Re: Re: [PATCH v12 00/18] Enable FSGSBASE instructions

From: hpa
Date: Sun May 24 2020 - 19:45:15 EST


On May 24, 2020 2:19:45 PM PDT, Sasha Levin <sashal@xxxxxxxxxx> wrote:
>On Sun, May 24, 2020 at 12:45:18PM -0700, hpa@xxxxxxxxx wrote:
>>There are legitimate reasons to write a root-hole module, the main one
>being able to test security features like SMAP. I have requested before
>a TAINT flag specifically for this purpose, because TAINT_CRAP is
>nowhere near explicit enough, and is also used for staging drivers.
>Call it TAINT_TOXIC or TAINT_ROOTHOLE; it should always be accompanied
>with a CRIT level alert.
>
>What I don't like about our current system of TAINT_* flags is that
>while we can improve it as much as we want, no one outside of the
>kernel
>tree seems to be using it.
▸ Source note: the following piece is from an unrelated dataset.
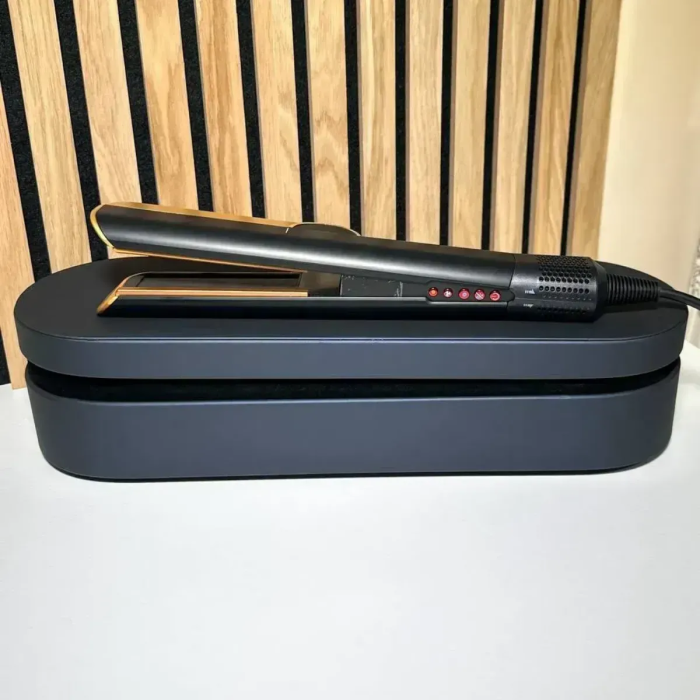 Стайлер-випрямляч для волосся з кейсом Airstrait HT-01 Onyx Black/Gold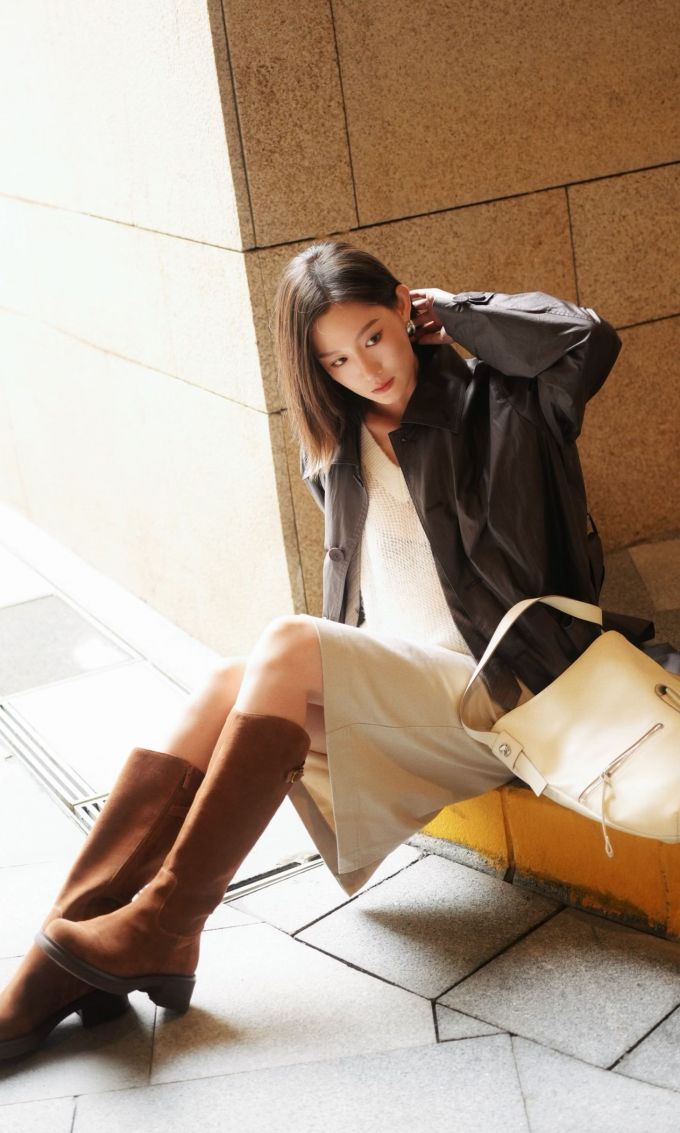 防护功能 H型 翻领 中长袖 深洞 咖啡褐色 雕饰 基础扣饰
While Thomas may have been commenting on
>Graphene's behaviour, look at any other code that did the same thing:
>
>- Graphene:
>https://github.com/oscarlab/graphene-sgx-driver/blob/master/gsgx.c
>- Occlum:
>https://github.com/occlum/enable_rdfsbase/blob/master/enable_rdfsbase.c
>- SGX-LKL:
>https://github.com/lsds/sgx-lkl/blob/master/tools/kmod-set-fsgsbase/mod_set_cr4_fsgsbase.c
>
>None of which set even the CRAP flag.

That's a separate problem, but I would personally want to have it for my own test modules in case one ever escapes.
--
Sent from my Android device with K-9 Mail. Please excuse my brevity.